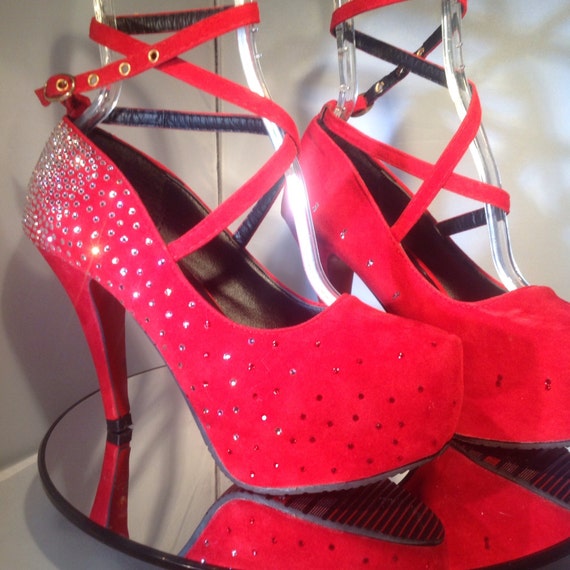 Red Rhinestone Crystal Platform High Heels Etsy UK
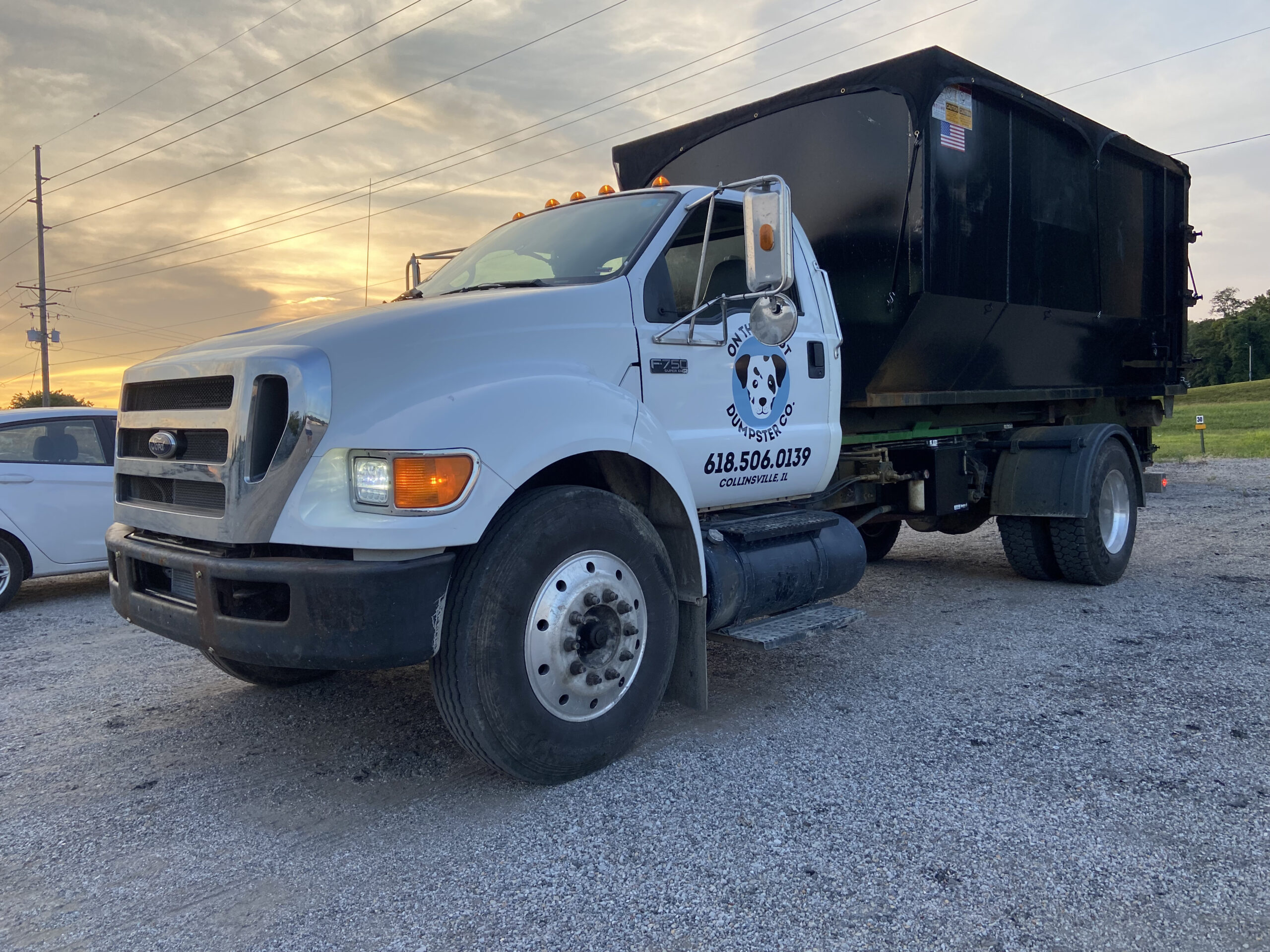 Parked Dumpster truck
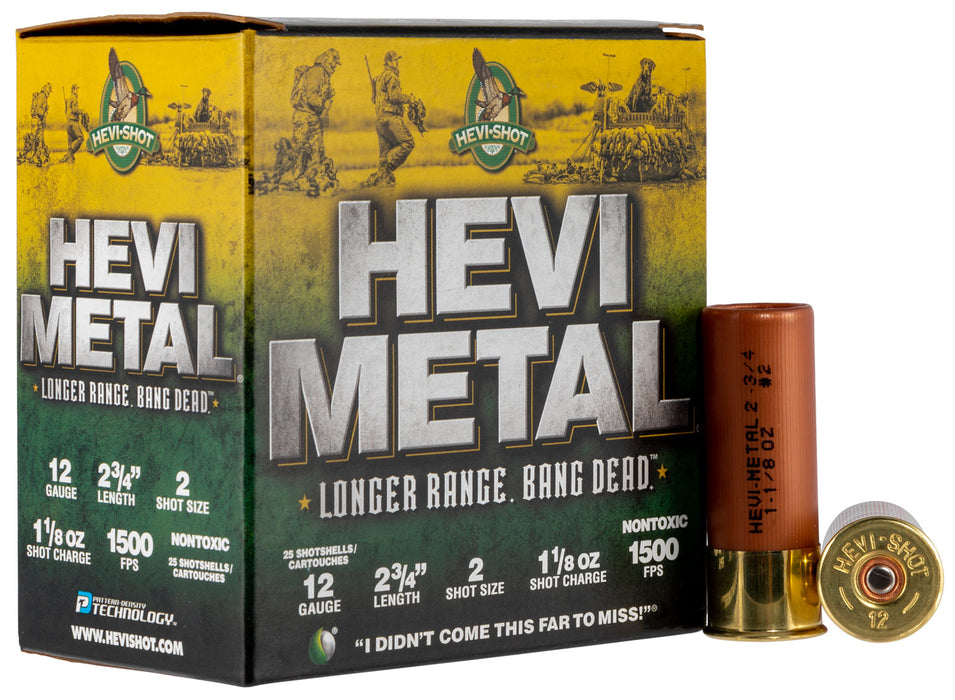 HEVI-Metal HS38702 Hevi-Metal Longer Range 12 Gauge 2.75" 1 1/8 oz 1500 fps 2 Shot 25 Bx/10 Cs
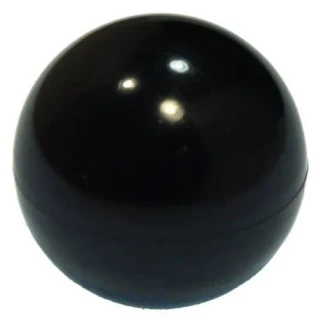 Black, glossy, spherical Allis-Chalmers hydraulic lever brake release knob, shown alone against a white background.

Exercise requirements: Would you retype all the material above exactly, apart from its pictures?

Solution to this task:
 Red Rhinestone Crystal Platform High Heels Etsy UK
 Parked Dumpster truck
 HEVI-Metal HS38702 Hevi-Metal Longer Range 12 Gauge 2.75" 1 1/8 oz 1500 fps 2 Shot 25 Bx/10 Cs
 Black, glossy, spherical Allis-Chalmers hydraulic lever brake release knob, shown alone against a white background.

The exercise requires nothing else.